Maureen Eckert

Maureen Photo1

A yoga-rat
A professional philosopher and professor of philosophy
An artist and designer
A storyteller
A skater
A seamstress
An occasional (or something) binge-watcher of Netflix
A lover of sights and sounds and sensations (Sorry, Plato. But, you know I always have your back.)
A New Yorker with strong opinions about pizza
A Rhode Islander with strong opinions about pizza

Other photography and art by me on the internet:
New York Times, Graham Priest, “Paradoxical Truth” 11/29/2010.
100 Philosophers, 100 Artworks, 100 Words, # 30 

Photography Modeling
(I try to bring my own experience in front of the camera for artistic photography to working with my own photography models.)
Infrared photography by Eric Steinhart

Steinhart Infra Red 1

 

 

 

 

 

 

Yoga Photography by Carl Beck Sachs
MaurenNY1MaureenNY2

As related in the FAQ  my tattoos were done here in Providence, RI by Dennis M Del Prete, owner of Providence Tattoo. The whole idea for shooting macros of tattoos came about when I was trying to come up with a card to send to him. It’s not like Hallmark Greeting Cards include a “For Your Tattoo Artist” category. I searched around on Google images for a while and sort of gave up. It’s not like Google images has a coherent “For Your Tattoo Artist” category either. Nothing was that inspiring.

The next day, I was driving to a birthday party in CT, and for some reason, I don’t know why, I remembered that I had bought a clip-on macro lens for my iPhone. “Hey,” I thought to myself, “you should try taking pictures of your tattoos with that.” I couldn’t get the idea out of my head all day. It was there, singing in the background like a song you can’t get out of your mind. That night when I was home, I tried it out. “Koi” is one of the first shots I got in that very first batch. It can never be much larger than 16” x 20” due to the resolution of iPhone photos, but it is very special to me, and it holds up well in an archival quality print.

Koi One of the things about macro photography is how different what you see through the lens is compared to what you’re photographing. You need a lot of light in a very small area for it to fly. So, I’m trying to do this crazy macro-selfie, keeping very still while also twisting myself all around to figure out how to get enough light on my arm, and as I’m looking at the images on my phone this Koi fish rose up out of my tattoo to say hello. I got the shot. I couldn’t believe it, but you know, pics and it did happen. Now that I’ve mentioned it, I bet you can see it, too. I’m not sure that Dennis knew he put a Koi fish in my tattoo, but it sure is in there, swimming around, and you can see it when everything’s just right.

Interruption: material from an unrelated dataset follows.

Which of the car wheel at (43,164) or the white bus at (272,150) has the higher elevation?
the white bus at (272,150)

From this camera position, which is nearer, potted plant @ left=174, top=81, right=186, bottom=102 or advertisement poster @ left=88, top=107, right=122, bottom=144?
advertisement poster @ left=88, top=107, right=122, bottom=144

On my left shoulder, above the lotus (connected with my yoga and experience with Buddhism), there is the Inclosure Schema, which is a formal representation of the structure of paradoxes. This represents the sea-change in my thinking that happened the fall of 2004 when I arrived to teach at UMD. I learned about the Inclosure Schema from my dear, precious colleague, Charlie Donahue (follow this link only if you want to understand a little about a Revolution and see a living legend). He gave a “tattered brown bag” talk, “Revolutions in Logic” that seriously corrupted the youth and me along with them. It’s the hardest thing to discover that things you were taught to be true, things like the laws of logic, are open questions. The Inclosure Schema looks cool aesthetically, but it’s a philosophical statement. You wouldn’t want to wear it without knowing what it means.

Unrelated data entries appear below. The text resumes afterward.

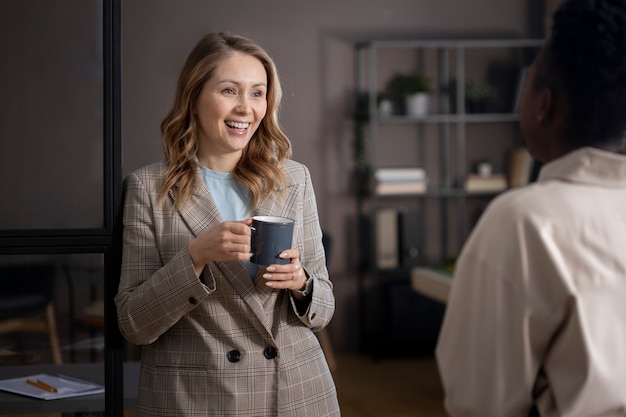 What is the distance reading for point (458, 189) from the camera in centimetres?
616

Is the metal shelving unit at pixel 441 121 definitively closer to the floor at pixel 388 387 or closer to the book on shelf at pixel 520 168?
the book on shelf at pixel 520 168

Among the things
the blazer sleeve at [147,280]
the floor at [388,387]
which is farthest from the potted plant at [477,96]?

On my right shoulder, above a semi-matching lotus, is the Edison light bulb patent diagram, which represents my dad who died in 2013 from Alzheimer’s. My dad would be totally amused that my whole family decided to get light bulb tattoos in his honor. He was a Master Electrician and trained at Westinghouse High School in Brooklyn to be an electrician, as his own father had been. My dad was an incredible technical draftsman. He had the finest, lightest, fully committed touch with his line work in his mechanical drawings. That was him. He never needed to put pressure on things. Not his lines, not anything. It was a quality of his that people cherished. What a life he lived. Unfortunately, I didn’t inherit this quality from him and am pretty much a lot, all at onceall the time. In meditation practice I work to acquire a quiet and calm that had been my dad’s effortless, natural way of being. I thought I’d go back to the very beginning of light bulbs for my tattoo and the Edison patent was beautiful.